Campaign background:
This is very homebrew. And a little less gross than much DCC because I need gorgeous right now. So I'm making the nasty stuff political & moral & nothing that I have to spend a lot of time with as a judge. Corpses that have rotted into maggoty goo is fine, we've got child slavery so that's fine too, as is persons as currency; PCs with rotten parts is not a good space for me.
All "magic" is uber-tech, but the PCs are from a nomadic polar tribe & don't know that. The world itself is fallen-tech, so pretty much classic RPG technology in the mainstream world, but recently old technology has been discovered so things are changing fast.
And by design the PCs are in over their heads, to some degree. If my players keep having fun we'll take the campaign up to higher-level characters, and they will feel so much more powerful at the end.
Tunnel Context/Story:
The Goon is, according to my plans, supervising the excavation of a vast subterranean area (football-field-sized for my convenience) which is full of, ironically, enormous excavation machines from a long-lost advanced civilization.

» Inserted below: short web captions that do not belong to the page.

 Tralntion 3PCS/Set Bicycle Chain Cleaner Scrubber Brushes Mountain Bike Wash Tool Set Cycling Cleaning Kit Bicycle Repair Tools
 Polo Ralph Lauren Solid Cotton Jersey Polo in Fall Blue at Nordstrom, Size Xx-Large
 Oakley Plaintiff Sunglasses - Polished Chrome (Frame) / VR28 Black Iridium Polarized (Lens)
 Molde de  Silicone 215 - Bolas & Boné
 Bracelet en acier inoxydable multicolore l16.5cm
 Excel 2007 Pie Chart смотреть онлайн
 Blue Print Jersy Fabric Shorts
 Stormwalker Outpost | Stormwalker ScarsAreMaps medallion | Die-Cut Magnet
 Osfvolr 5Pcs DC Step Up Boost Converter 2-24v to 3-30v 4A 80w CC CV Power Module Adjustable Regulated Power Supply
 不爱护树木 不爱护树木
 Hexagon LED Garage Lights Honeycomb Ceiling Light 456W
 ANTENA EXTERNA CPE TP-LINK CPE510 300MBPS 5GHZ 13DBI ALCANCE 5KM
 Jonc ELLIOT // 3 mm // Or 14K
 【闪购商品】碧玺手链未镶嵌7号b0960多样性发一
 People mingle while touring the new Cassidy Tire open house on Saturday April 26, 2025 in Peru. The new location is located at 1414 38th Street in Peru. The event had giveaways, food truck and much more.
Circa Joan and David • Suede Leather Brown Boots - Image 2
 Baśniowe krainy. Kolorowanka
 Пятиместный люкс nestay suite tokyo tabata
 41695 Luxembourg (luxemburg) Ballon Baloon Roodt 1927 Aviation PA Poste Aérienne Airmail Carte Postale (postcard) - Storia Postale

The Goon is enthused by this because he is tasked with unearthing lost tech buried throughout the region & this will make his job easier and a lot more fun. He has a handful of MCC-type security robots and a good number of local workers with him.
Also he has a supercool metallic shape-changer whose default form is of a 6-legged predator but who CAN imitate persons very well. But the Goon is annoyed with the shape-changer right now so he's keeping it leashed.
ThePCs are accompanied by a tech-wizard NPC, and their goal seems to be 2-fold:
- 1. Kill the Big Bad Goon. They just hate this guy. Way more than I hate him. His relentless search for buried artifacts has destabilized the bedrock & caused their entire village to be destroyed (while the PCs were sneaking out for their "Frozen in Time" funnel) as well as mucked with the capital city of the yeti people, of whom my PCs are quite fond. And he brainwashed the yeti king into turning child-slaver.
2. Stop the tremors/earthquakes that are devastating the region. They have figured out that they possess an artifact that can do this -- a "Crystallizing Sphere" that causes things to freeze up when it touches them, the PCs have it wrapped in Space-Time Fabric so that it doesn't crystallize them or their stuff).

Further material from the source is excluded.